SALUTE. RU486, inchiesta “Tempi” rilancia polemica. Roccella: “Serve indagine parlamentare”

Non si placa la polemica sulla pillola abortiva RU486, approvata a fine luglio dall’Agenzia italiana del farmaco. Sul tema è intervenuta la rivista Tempi, che proprio questa settimana porta in copertina una inchiesta dal titolo "RU486. Signora mia, torni pure a casa ad abortire", nella quale si denuncia – attraverso le risposte ottenute alla richiesta di informazioni telefoniche a ospedali, asl o aziende sanitarie che hanno usato la pillola – la previsione di un aborto in casa.
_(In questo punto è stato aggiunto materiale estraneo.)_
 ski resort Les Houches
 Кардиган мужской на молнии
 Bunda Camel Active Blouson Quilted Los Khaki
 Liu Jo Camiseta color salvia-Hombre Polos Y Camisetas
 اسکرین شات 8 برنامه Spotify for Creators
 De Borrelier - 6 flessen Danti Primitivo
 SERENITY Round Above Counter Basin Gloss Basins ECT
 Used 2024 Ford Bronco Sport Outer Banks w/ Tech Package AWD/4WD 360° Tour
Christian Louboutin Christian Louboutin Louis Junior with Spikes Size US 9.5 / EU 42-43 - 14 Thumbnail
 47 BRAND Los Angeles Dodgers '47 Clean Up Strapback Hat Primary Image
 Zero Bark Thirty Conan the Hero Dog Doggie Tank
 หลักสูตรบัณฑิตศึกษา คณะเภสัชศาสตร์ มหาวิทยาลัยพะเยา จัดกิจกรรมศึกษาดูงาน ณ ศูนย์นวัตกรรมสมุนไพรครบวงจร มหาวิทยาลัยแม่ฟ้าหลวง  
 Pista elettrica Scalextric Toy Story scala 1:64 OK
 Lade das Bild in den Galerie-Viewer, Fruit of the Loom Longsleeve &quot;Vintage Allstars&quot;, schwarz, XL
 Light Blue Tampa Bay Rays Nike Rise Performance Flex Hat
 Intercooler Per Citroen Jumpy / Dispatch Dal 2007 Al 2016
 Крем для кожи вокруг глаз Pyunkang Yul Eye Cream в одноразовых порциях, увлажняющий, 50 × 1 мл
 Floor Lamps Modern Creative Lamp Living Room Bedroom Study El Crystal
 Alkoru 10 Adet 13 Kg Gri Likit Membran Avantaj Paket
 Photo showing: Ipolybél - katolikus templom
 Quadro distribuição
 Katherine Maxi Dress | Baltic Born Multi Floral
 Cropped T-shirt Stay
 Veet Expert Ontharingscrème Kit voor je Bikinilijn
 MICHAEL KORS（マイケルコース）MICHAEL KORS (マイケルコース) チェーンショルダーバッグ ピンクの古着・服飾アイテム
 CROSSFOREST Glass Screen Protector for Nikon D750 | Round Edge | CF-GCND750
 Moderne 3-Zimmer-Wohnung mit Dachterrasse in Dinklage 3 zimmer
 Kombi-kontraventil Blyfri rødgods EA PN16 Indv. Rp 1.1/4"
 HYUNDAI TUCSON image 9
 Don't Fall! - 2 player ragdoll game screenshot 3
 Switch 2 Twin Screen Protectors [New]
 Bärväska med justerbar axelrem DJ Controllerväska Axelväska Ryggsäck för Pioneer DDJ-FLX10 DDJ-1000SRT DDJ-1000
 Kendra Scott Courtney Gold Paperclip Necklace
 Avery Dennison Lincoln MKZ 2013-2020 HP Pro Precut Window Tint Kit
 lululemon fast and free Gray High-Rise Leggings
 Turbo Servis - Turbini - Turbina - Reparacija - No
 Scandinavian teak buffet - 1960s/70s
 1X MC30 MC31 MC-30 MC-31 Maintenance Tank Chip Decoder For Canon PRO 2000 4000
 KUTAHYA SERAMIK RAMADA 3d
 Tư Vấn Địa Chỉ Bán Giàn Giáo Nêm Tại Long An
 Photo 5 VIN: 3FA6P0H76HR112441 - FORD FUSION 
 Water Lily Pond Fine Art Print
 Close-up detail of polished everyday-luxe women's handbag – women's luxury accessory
L’inchiesta non ha mancato di sollevare di nuovo le perplessità del mondo politico, specialmente di chi ha espresso da tempo una posizione contraria al farmaco, già sperimentato in Italia, che evita il ricorso all’aborto chirurgico.

"L’inchiesta di Tempi con la registrazione delle risposte degli operatori sanitari alle richieste di informazioni telefoniche di una donna che chiede di abortire con la Ru486 dimostra quanto sia necessaria un’indagine parlamentare sul tema – ha detto il sottosegretario Eugenia Roccella – La pillola abortiva nella prassi quotidiana degli ospedali italiani che già l’hanno utilizzata in questi ultimi anni è identificata con l’aborto a domicilio". Per Roccella, dunque, "per fare luce sia sui pericoli effettivi legati alla pillola sia sulla compatibilità con la legge 194 e il rispetto dei pareri espressi nel merito dal Consiglio Superiore di Sanità è bene che l’indagine parlamentare prospettata dalla commissione Sanità al Senato si faccia e che ogni scelta avvenga in piena trasparenza".